# Assignment
Print the entries that appear below, exactly as written and without their pictures.

Short web captions
++++++++

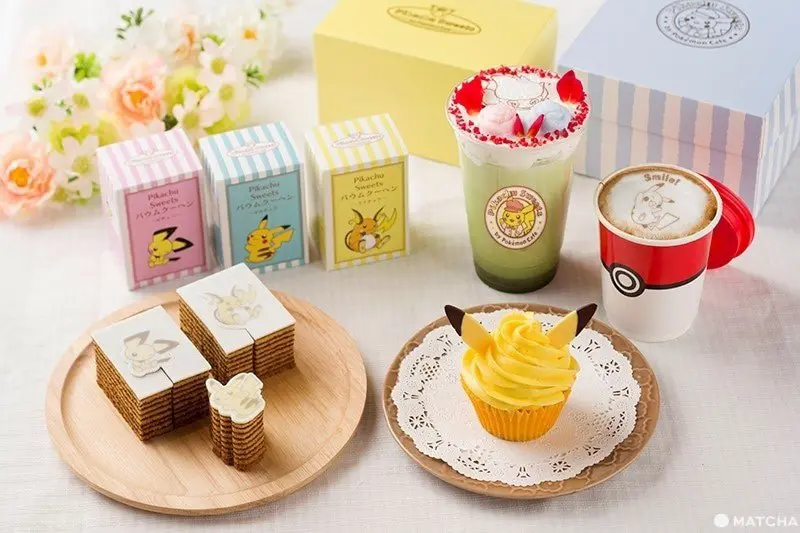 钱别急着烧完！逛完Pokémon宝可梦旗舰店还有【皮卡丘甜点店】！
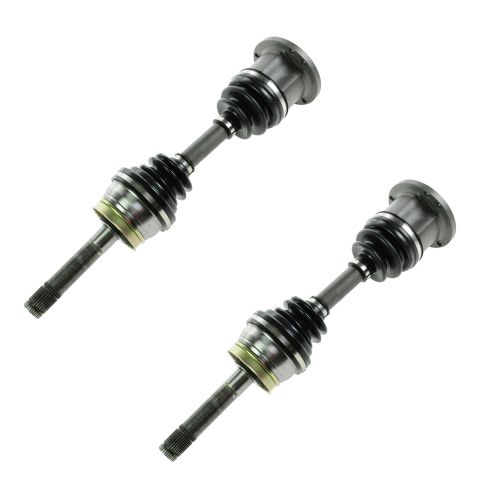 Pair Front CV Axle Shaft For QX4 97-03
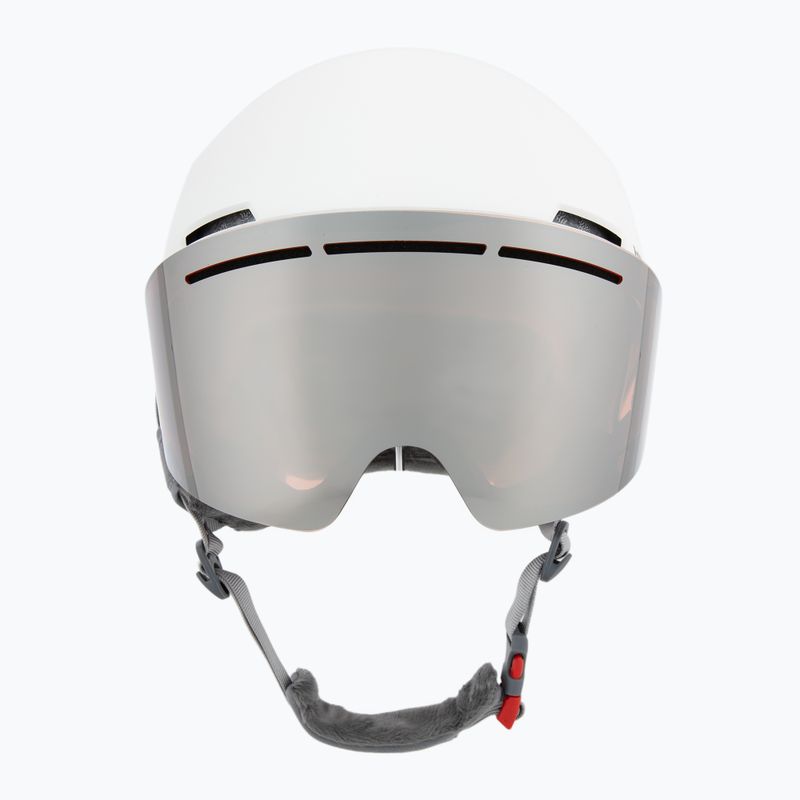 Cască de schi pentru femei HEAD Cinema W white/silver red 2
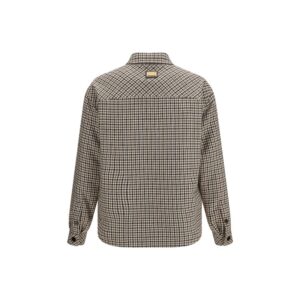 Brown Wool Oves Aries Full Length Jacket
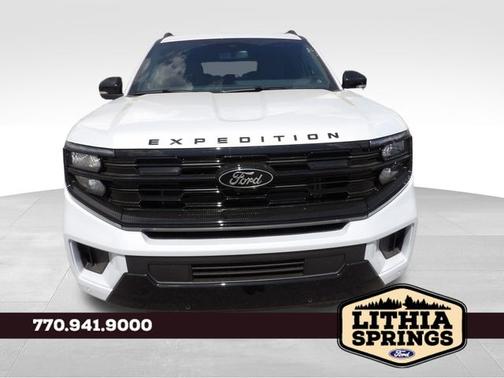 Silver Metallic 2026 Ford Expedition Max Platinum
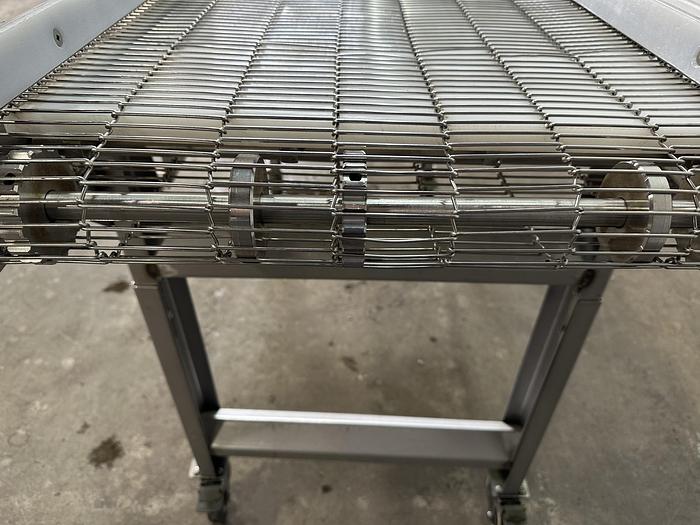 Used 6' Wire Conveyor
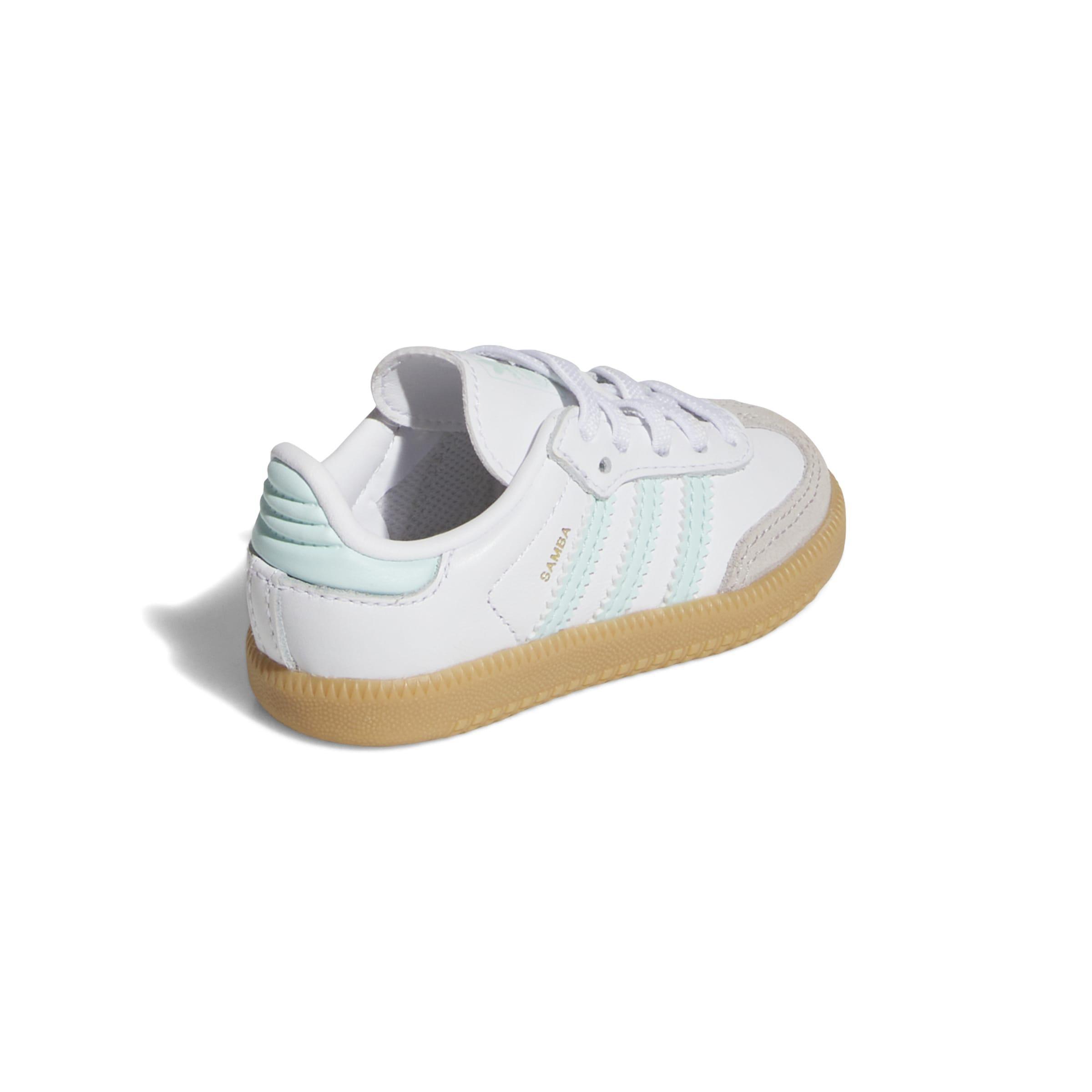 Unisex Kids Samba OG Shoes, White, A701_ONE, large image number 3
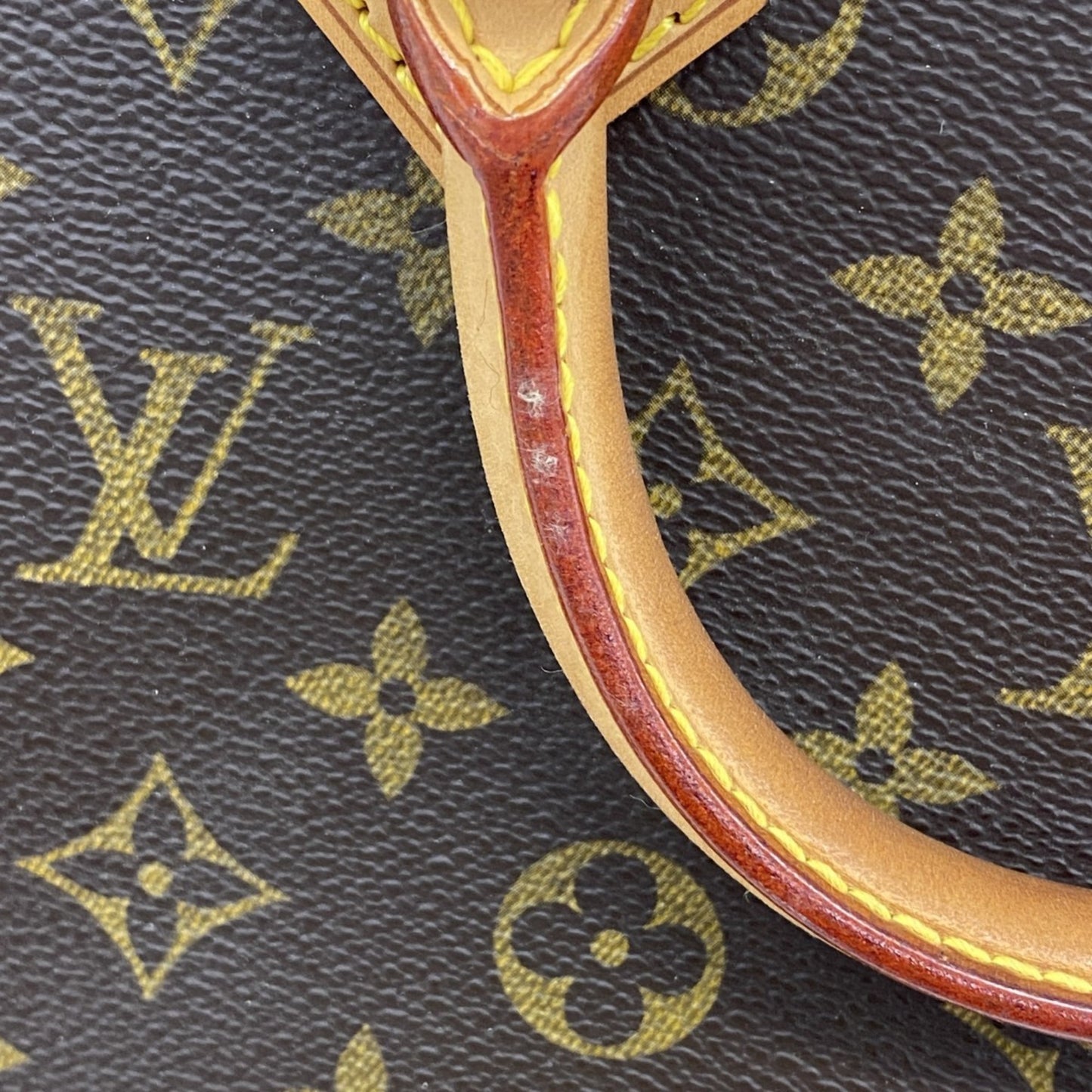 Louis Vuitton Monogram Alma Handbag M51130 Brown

++++++++

# Finished exercise
 钱别急着烧完！逛完Pokémon宝可梦旗舰店还有【皮卡丘甜点店】！
 Pair Front CV Axle Shaft For QX4 97-03
 Cască de schi pentru femei HEAD Cinema W white/silver red 2
 Brown Wool Oves Aries Full Length Jacket
 Silver Metallic 2026 Ford Expedition Max Platinum
 Used 6' Wire Conveyor
 Unisex Kids Samba OG Shoes, White, A701_ONE, large image number 3
 Louis Vuitton Monogram Alma Handbag M51130 Brown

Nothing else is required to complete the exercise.